Crownover Announces Dam Alliance
There’s hope, dam walkers.
Two months after the U.S. Army Corps of Engineers (USACE) barricaded Canyon Lake Dam’s popular service road without warning, a new Facebook page called “Dam Community Alliance” promises good things are on the horizon.
“Want to start walking the DAM again?? Huge announcements coming soon!!! Buckle up…we’re gonna need your help. More details soon!” a post to the page promised late Friday evening. The new group is officially called Canyon Lake Dam Community Alliance.
The group’s mission statement: “The Dam Community Alliance is committed to bring the citizens of Canyon Lake together for fun, fellowship, and the betterment of our community. Our first mission is to get the necessary improvements made so that the walkway across the dam can be reopened.”
Writing on her official county Facebook page, Jen Crownover, Comal County Commissioner, Pct. 4, said “Many of y’all have wondered if we have forgotten about our beloved walks on the DAM. The answer is, NO!! Please follow this page for the latest updates. Some major announcements will be coming very soon on ways you can help, and events you will NOT want to miss!!”
A link on comaltrails.org connects to a PayPal page soliciting donations for Canyon Lake Dam Trail. Comal Trails Alliance works to create trails connecting communities and provides opportunities for education, health, preservation and enjoyment of the natural resources of Comal County.
The Corps closed the road unexpectedly on May 21, citing safety concerns. However, the U.S. Access Board said the Corps refused to make reasonable and cost-effective modifications following an official complaint about lack of access by mobility devices.
Crownover subsequently spearheaded a closed-door meeting in early June aimed at ending the impasse between the two groups. In early July, she said that as an outcome of that meeting the Corps was working on rough drafts of modifications of plans that would resolve the situation.
However, she warned a citizen committee would be necessary to “hash out” fundraising efforts that would underwrite the cost of repairs.
At her June meeting were representatives from Water-Oriented Recreation District of Comal County (WORDCC.com), Guadalupe-Blanco River Authority (GBRA.org), Comal County Engineer Tom Hornseth as well as USACE officials from both Canyon Lake and Fort Worth District attended the meeting. A representative from U.S. Senator John Cornyn’s office was there.
USACE’s decision to close its road — which the U.S. Access Board categorizes as a trail — was resoundingly criticized by residents, who like to walk the dam and enjoy the scenic vistas only available from there. A petition posted on change.org, asking politicians like Sen. Ted Cruz to keep the dam open, quickly drew 18,400 signatures.
Shortly after the road was closed — with no explanation — Canyon Lake Chamber of Commerce’s Facebook explained the USACE was dialing back on “well-intentioned operational decisions that unfortunately excluded users with disabilities.”

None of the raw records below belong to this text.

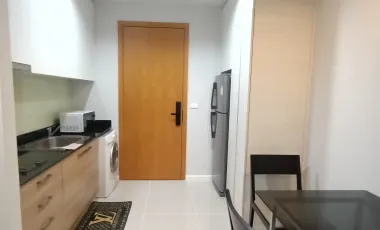 For sale 1 bed condo in Watthana, Bangkok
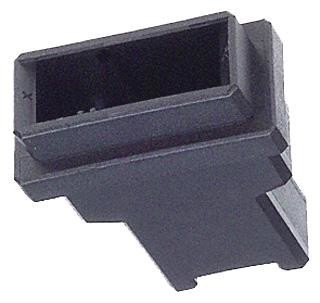 Amp Connectors / Te Connectivity 2-179552-3 Connector Housing, Plug, 3Pos, 5.08mm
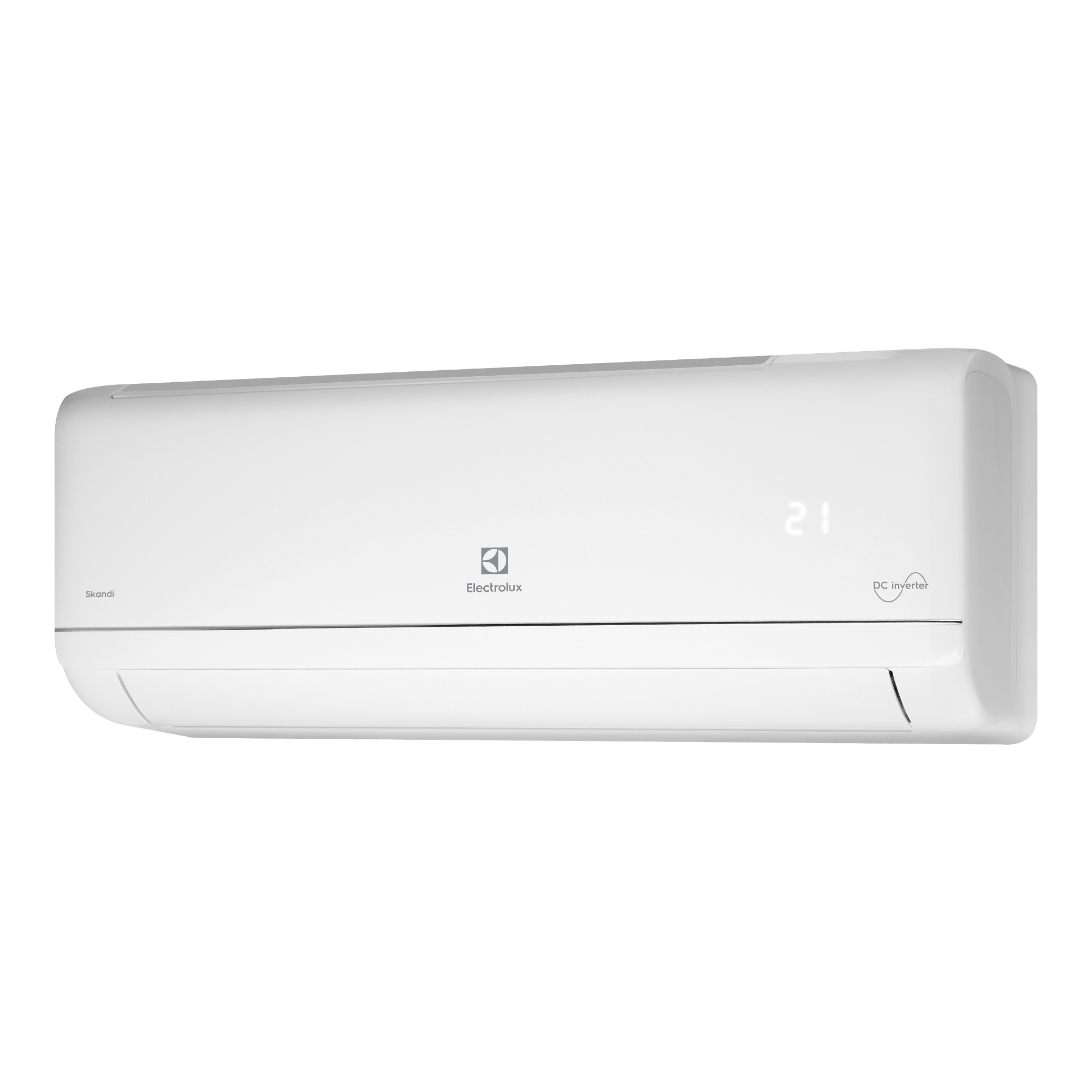 Сплит-система инверторная Electrolux Skandi DC Inverter EACS/I-12HSK/N3 комплект - фото 2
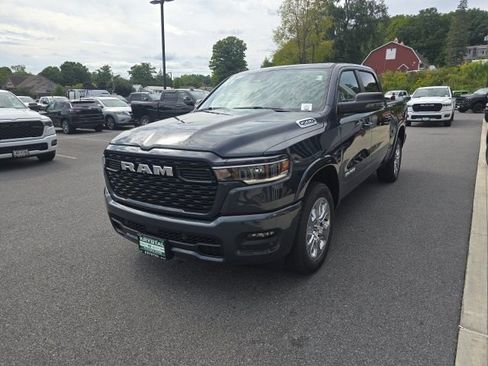 New 2026 RAM 1500 Big Horn image 3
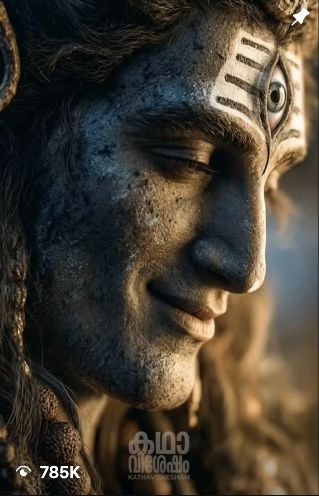 Shiva cinematic Instagram reel preview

However, the U.S. Access Board, an independent federal agency created in 1973 to ensure access to federally funded facilities, said in a May 29 email to MyCanyonLake.com, that the USACE “flatly refused to make the trail accessible” and only needed to widen pedestrial access points to 36 inches and provide greater maneuvering clearance to bring the road into compliance with federal regulations.
Dave Yanchulis, who works in Public Affairs, said the USACE also reclassified the Canyon Lake Crest Trail as a road which, the Corps argued, would exempt them from meeting Architectural Barriers Act (ABA) standards.
USACE did not provide additional details about its decision to close the road, which was sparked by a May 22, 2017 complaint filed with the Disability Rights Section of the Civil Rights Division at the U.S. Department of Justice (DOJ) alleging that the pedestrian access points to reach the Canyon Dam Crest Trail were not accessible to those who use wheeled mobility devices, in violation of the Americans with Disabilities Act of 1990 (ADA).
Despite lengthy communication between USACE and the U.S. Access Board aimed at resolving the issue, USACE closed the road last month. U.S. Access Board said they learned of the closure through media accounts.